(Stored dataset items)
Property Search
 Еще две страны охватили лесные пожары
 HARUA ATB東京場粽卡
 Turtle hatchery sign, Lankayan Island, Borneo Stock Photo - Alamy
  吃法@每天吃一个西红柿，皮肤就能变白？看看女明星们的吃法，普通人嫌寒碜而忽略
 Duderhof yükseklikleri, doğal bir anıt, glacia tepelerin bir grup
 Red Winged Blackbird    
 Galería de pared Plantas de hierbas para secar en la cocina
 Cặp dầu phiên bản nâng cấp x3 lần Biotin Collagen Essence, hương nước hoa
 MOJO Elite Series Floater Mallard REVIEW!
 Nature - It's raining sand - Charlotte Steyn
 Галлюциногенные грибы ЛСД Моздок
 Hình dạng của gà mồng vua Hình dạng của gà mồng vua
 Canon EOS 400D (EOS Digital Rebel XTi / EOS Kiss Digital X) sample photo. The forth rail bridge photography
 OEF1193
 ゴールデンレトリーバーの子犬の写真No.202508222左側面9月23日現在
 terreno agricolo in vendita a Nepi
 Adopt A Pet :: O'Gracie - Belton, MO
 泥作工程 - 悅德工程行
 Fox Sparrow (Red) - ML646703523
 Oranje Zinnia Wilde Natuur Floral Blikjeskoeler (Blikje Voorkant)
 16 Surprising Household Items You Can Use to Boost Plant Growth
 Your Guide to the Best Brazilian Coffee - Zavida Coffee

■ Work instructions: Please quote the data above in full, with no line missing.

■ Written solution:
Property Search
 Еще две страны охватили лесные пожары
 HARUA ATB東京場粽卡
 Turtle hatchery sign, Lankayan Island, Borneo Stock Photo - Alamy
  吃法@每天吃一个西红柿，皮肤就能变白？看看女明星们的吃法，普通人嫌寒碜而忽略
 Duderhof yükseklikleri, doğal bir anıt, glacia tepelerin bir grup
 Red Winged Blackbird    
 Galería de pared Plantas de hierbas para secar en la cocina
 Cặp dầu phiên bản nâng cấp x3 lần Biotin Collagen Essence, hương nước hoa
 MOJO Elite Series Floater Mallard REVIEW!
 Nature - It's raining sand - Charlotte Steyn
 Галлюциногенные грибы ЛСД Моздок
 Hình dạng của gà mồng vua Hình dạng của gà mồng vua
 Canon EOS 400D (EOS Digital Rebel XTi / EOS Kiss Digital X) sample photo. The forth rail bridge photography
 OEF1193
 ゴールデンレトリーバーの子犬の写真No.202508222左側面9月23日現在
 terreno agricolo in vendita a Nepi
 Adopt A Pet :: O'Gracie - Belton, MO
 泥作工程 - 悅德工程行
 Fox Sparrow (Red) - ML646703523
 Oranje Zinnia Wilde Natuur Floral Blikjeskoeler (Blikje Voorkant)
 16 Surprising Household Items You Can Use to Boost Plant Growth
 Your Guide to the Best Brazilian Coffee - Zavida Coffee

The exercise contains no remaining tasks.